A cidade desde sempre é um lugar de encontros com as diferenças e, por causa dessa insegurança produzida, a gente opta por se abster disso e usamos a cidade só para trânsito de um ponto a outro.
Como resultado dessa dinâmica, há um adoecimento no qual muitos adolescentes sofrem com fobia social e deixam até de frequentar a escola com medo das ameaças urbanas, risco de bullying.
“Estamos caminhando para uma intolerância ao diferente e isso inviabiliza encontros que seriam férteis para a saúde mental”, completa Luciana. Sobre quem não se sente protegido dentro da própria casa, a professora ressalta a importância de repensar a segurança pública.
“O jovem que habita um território extremamente vulnerável se sente inseguro porque a casa pode ser invadida por uma facção ou intervenção policial. É um cenário de guerra”, exemplifica sobre as diversas realidades nas quais a violência entra pela porta.

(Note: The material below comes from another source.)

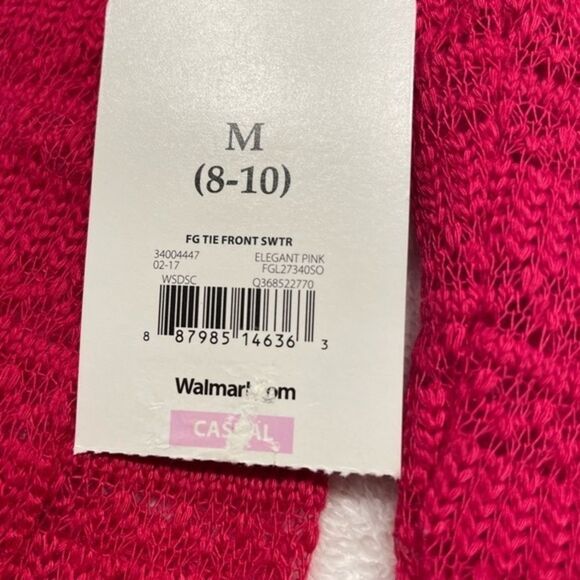 NWT medium Faded Glory pink waterfall open tie front shrug cardigan sweater - Picture 11 of 11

“Eu acho que a gente tem que pensar em outro fazer segurança pública que não seja discriminatória. Temos de mobilizar políticas públicas que efetivem direitos à segurança alimentar, ao lazer, à moradia, ao trabalho e à garantia de renda”, lista sobre as proposições para mudar o cenário.
SENSAÇÃO DE INSEGURANÇA NO PAÍS
A pesquisa traz ainda mais informações sobre a sensação de insegurança no cenário nacional. Segundo o levantamento realizado pelo IBGE, há variações relevantes nos diferentes grupos sociais. Mulheres, por exemplo, que se sentem mais inseguras em casa e nos bairros do que homens, assim como pessoas pretas ou pardas relataram mais insegurança do que brancos.

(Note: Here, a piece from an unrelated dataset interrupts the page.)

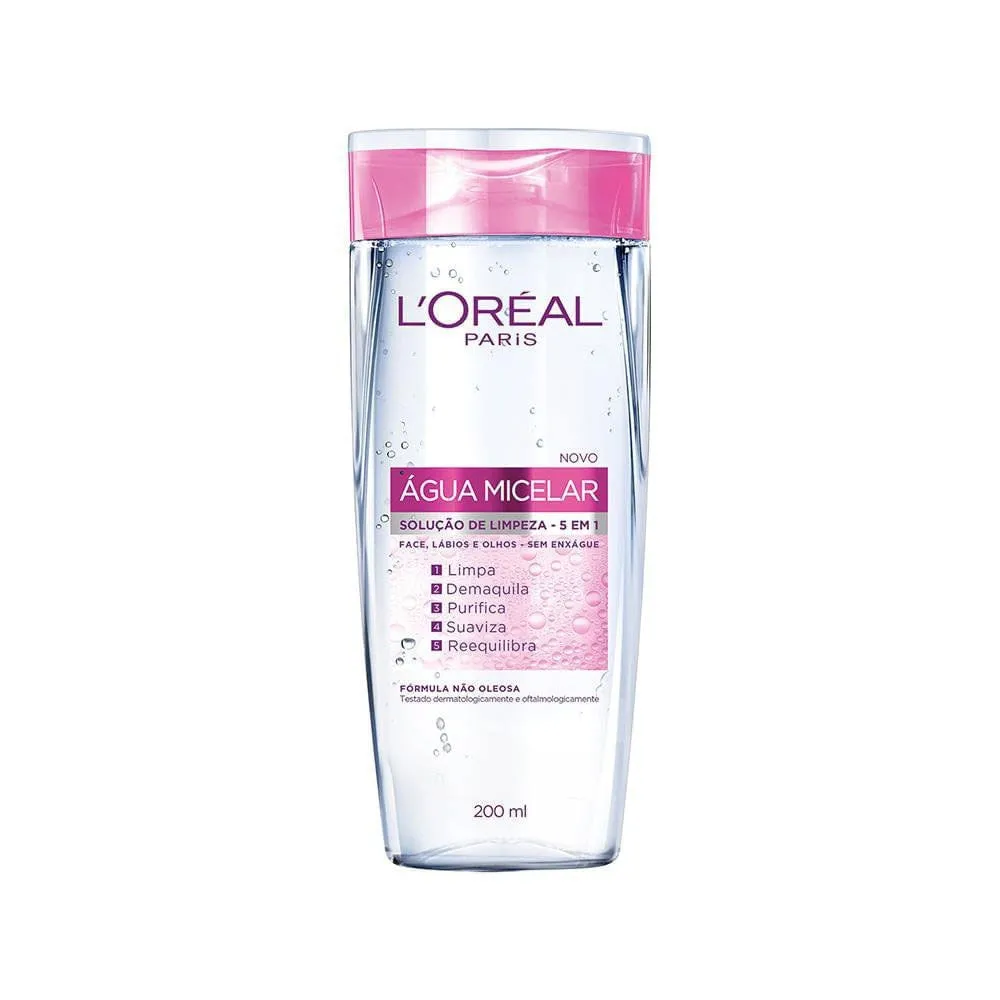Água Micelar Demaquilante L'Oréal Solução Limpeza 5em1 200ml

Aproximadamente uma em cada oito mulheres pretas ou pardas (13,3%) relatou sentir insegurança em casa e quase uma em cada três (32,3%) declarou se sentir inseguras ou muito inseguras em seu bairro. No polo oposto, cerca de um em cada 13 homens brancos (7,7%) relatou insegurança em casa, enquanto quase um em cada cinco deles (20,9%) apontou essa percepção em relação ao bairro onde residem.

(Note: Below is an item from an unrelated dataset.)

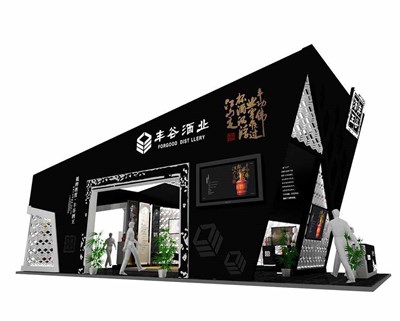 78平米展台设计制作：三面开口/前卫/型材结构/黑色，为糖酒展展商而作（免费使用）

A diferença também é percebida quando se observa os dados segundo o rendimento domiciliar per capita. Entre os 20% mais pobres da população, um em cada sete entrevistados (13,8%) disse se sentir inseguro ou muito inseguro em casa e 29,8% teve essa percepção em relação ao bairro. No grupo de brasileiros com mais renda, por outro lado, os percentuais registrados foram de 6,9% e 25,1%, respectivamente.
VIOLÊNCIA NO CEARÁ
Conforme o Diário do Nordeste noticiou no último 15 de novembro, o maior número de mortes violentas em um só mês no Ceará, ao longo dos últimos dois anos, foi registrado em outubro de 2022. Foram, ao todo, 298 casos do tipo — número que não era tão alto desde outubro de 2021. Por outro lado, o acumulado de homicídios do ano de 2023, até aquele mês, ainda apresentou redução de 2,8% em comparação ao mesmo período de 2022 e de 11,8% em relação a 2021.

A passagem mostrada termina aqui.